Updated

NEW YORK -- Deliberations at the first civilian trial of a Guantanamo detainee hit a snag on Monday when a juror told the judge she felt threatened by other jurors and asked him to be removed from the panel.

The note raised the specter of a hung jury because the juror said she was at odds with the rest of the anonymous panel as they try to settle on a verdict on terror charges against Ahmed Ghailani in federal court in Manhattan.

"My conclusion is not going to change," she wrote without indicating her position. "I feel (I am being) attacked for my conclusion."

U.S. District Judge Lewis Kaplan responded by calling all the jurors into the courtroom, reminding them of his instructions on the law and telling them to continue deliberations, which began Wednesday.
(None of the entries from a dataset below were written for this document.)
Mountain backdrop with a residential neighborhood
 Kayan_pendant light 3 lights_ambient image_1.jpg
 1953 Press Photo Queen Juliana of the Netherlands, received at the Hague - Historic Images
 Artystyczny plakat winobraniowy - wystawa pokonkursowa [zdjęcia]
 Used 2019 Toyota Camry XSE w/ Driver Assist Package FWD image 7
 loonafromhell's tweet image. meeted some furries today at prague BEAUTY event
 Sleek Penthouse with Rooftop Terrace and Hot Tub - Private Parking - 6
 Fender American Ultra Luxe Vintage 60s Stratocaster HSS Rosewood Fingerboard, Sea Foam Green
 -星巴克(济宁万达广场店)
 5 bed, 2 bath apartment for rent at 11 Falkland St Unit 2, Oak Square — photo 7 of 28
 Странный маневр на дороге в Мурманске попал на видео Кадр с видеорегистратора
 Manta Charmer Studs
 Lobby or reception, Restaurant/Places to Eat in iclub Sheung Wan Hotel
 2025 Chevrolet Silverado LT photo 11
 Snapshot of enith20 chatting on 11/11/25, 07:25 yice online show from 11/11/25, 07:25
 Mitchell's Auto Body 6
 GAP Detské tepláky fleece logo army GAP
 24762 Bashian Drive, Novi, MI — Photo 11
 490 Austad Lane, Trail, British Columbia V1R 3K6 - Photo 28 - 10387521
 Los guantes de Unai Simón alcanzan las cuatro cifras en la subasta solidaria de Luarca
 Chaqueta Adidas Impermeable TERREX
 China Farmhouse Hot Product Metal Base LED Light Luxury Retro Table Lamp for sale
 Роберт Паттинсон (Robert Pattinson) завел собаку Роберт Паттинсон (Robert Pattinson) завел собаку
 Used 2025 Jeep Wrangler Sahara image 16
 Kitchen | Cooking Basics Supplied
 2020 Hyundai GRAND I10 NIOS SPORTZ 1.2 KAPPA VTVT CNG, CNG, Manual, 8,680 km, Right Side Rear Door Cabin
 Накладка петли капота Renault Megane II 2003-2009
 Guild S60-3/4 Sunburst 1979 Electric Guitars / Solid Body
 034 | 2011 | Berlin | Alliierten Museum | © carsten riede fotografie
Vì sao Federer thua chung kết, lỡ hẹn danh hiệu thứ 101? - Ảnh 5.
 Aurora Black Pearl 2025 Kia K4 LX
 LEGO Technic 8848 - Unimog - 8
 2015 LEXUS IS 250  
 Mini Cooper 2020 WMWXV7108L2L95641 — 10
Prosecutors allege Ghailani helped an Al Qaeda cell buy a truck and components for explosives used in a suicide bombing in his native Tanzania on Aug. 7, 1998. The attack in Dar es Salaam and a nearly simultaneous bombing in Nairobi, Kenya, killed 224 people, including 12 Americans.

The day before the bombings, Ghailani fled by boarding a one-way flight to Pakistan under an alias, prosecutors said. While on the run, he spent time in Afghanistan as a cook and bodyguard for Osama bin Laden and later as a document forger for Al Qaeda, authorities said.

He was captured in 2004 in Pakistan and held by the CIA at a secret overseas camp. In 2006, he was transferred to Guantanamo and held until the decision last year to bring him to New York.

The defense has argued that the 36-year-old defendant was a "dupe" who was in the dark about the plot.